Rumsfeld is famous for having said, “There are known knowns; there are things we know we know. We also know there are known unknowns; that is to say we know there are some things we do not know. But there are also unknown unknowns; the ones we don’t know we don’t know.” Here, listen:
He said this in answer to a reporter’s question about a lack of evidence linking Iraq’s government with supplying weapons of mass destruction to terrorists. It sounded so absurd at the time that the media had a field day ridiculing him.
But over the years, we’ve come to realize how much sense his statement makes. In anything you set out to do, you know what you know, you might know or be able to guess some things that you don’t know, and you certainly don’t know many things that you don’t know.
In agile software delivery — heck, in life:
You plan for the known knowns.
You make contingency plans for the known unknowns.
When unknown unknowns happen, all you can do is manage through them.
On a team I once managed, we wanted to build a feature to email end users the day after they abandoned a transaction on our site. We hoped to reengage them to finish their transaction.

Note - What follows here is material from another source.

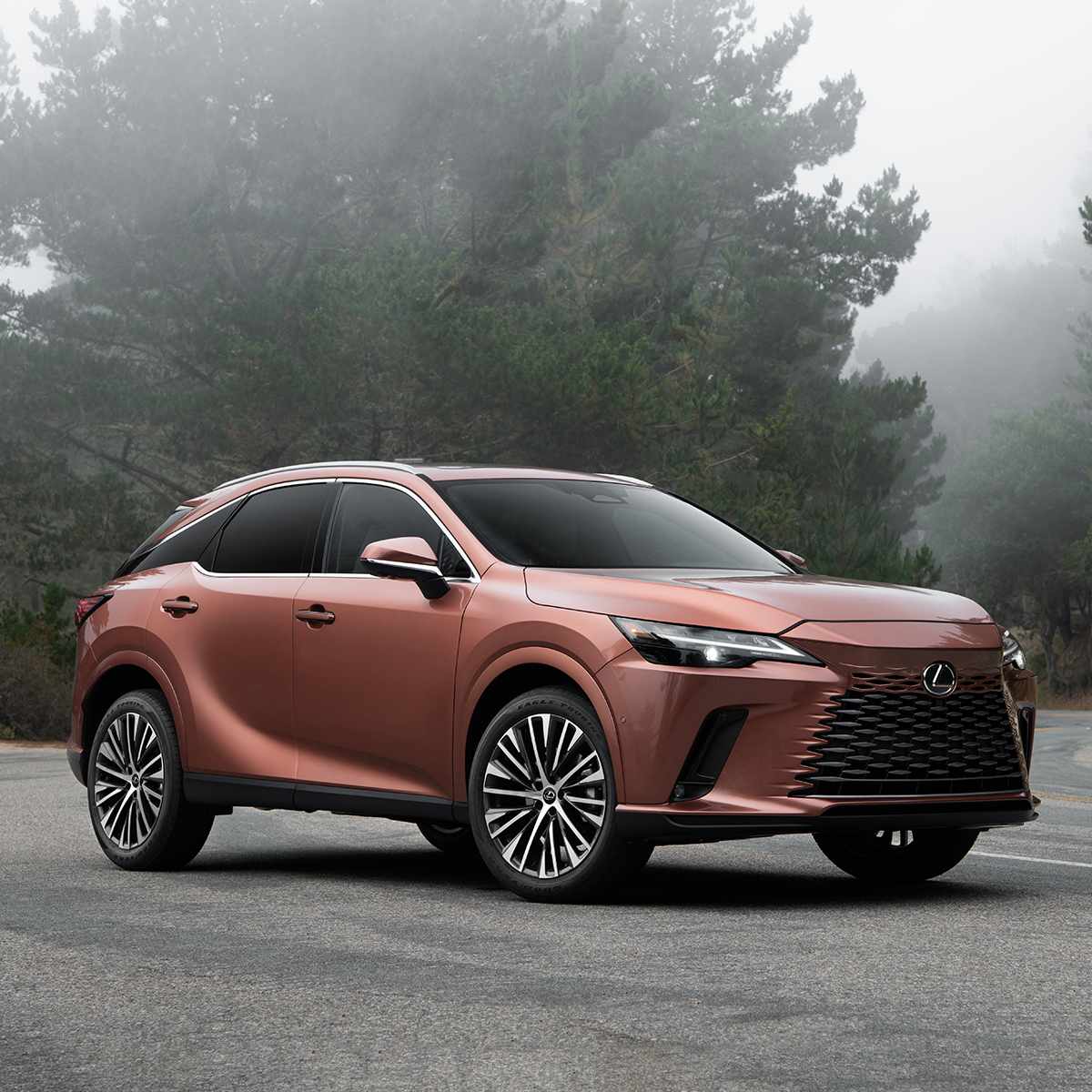lexus rx 350 overview mgp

We wrote and groomed the stories. Most of them had a clear implementation — plenty of known knowns. They were easy to estimate.
A few stories had known unknowns. One was, “It’s been a while since we’ve been in that repo, and it was written in our wild-west days. I might find some cruft in there that I’d need to straighten out to be able to finish this story.”
Another known unknown was, “I’d have to do a deep dive into that module to be sure, but if does this certain thing in this certain way, I’d have to do considerable extra work to stitch in the code I need to write there.”
In each case we discussed whether that work, were it necessary, would add meaningful complexity to the story and inflate its estimate. Sometimes it was yes, sometimes it was no. When it was yes, sometimes we wrote a dive story to find out and other times we thought the impact would be small enough that we could just accept the risk.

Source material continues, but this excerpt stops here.